**YOUR OBJECTIVE:** All the data below needs to be retyped exactly as shown.

**Records excerpted from a collection:**
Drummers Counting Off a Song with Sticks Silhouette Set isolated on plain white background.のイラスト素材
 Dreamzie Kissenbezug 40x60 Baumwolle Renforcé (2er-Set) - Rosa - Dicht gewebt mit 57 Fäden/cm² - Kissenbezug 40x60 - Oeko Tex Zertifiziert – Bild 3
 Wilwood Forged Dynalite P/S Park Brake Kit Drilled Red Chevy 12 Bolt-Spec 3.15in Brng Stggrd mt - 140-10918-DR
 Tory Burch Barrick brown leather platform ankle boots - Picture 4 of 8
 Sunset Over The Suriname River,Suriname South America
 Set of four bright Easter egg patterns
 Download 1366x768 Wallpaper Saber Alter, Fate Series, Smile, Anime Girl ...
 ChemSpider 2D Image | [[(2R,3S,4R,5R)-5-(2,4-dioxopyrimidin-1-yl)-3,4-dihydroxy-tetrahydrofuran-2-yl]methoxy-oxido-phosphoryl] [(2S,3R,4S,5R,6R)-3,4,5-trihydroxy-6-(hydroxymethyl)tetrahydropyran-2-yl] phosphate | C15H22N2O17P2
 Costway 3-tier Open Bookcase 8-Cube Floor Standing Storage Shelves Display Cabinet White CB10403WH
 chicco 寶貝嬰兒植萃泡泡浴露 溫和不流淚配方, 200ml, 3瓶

**ANSWER TO THIS EXERCISE:**
Drummers Counting Off a Song with Sticks Silhouette Set isolated on plain white background.のイラスト素材
 Dreamzie Kissenbezug 40x60 Baumwolle Renforcé (2er-Set) - Rosa - Dicht gewebt mit 57 Fäden/cm² - Kissenbezug 40x60 - Oeko Tex Zertifiziert – Bild 3
 Wilwood Forged Dynalite P/S Park Brake Kit Drilled Red Chevy 12 Bolt-Spec 3.15in Brng Stggrd mt - 140-10918-DR
 Tory Burch Barrick brown leather platform ankle boots - Picture 4 of 8
 Sunset Over The Suriname River,Suriname South America
 Set of four bright Easter egg patterns
 Download 1366x768 Wallpaper Saber Alter, Fate Series, Smile, Anime Girl ...
 ChemSpider 2D Image | [[(2R,3S,4R,5R)-5-(2,4-dioxopyrimidin-1-yl)-3,4-dihydroxy-tetrahydrofuran-2-yl]methoxy-oxido-phosphoryl] [(2S,3R,4S,5R,6R)-3,4,5-trihydroxy-6-(hydroxymethyl)tetrahydropyran-2-yl] phosphate | C15H22N2O17P2
 Costway 3-tier Open Bookcase 8-Cube Floor Standing Storage Shelves Display Cabinet White CB10403WH
 chicco 寶貝嬰兒植萃泡泡浴露 溫和不流淚配方, 200ml, 3瓶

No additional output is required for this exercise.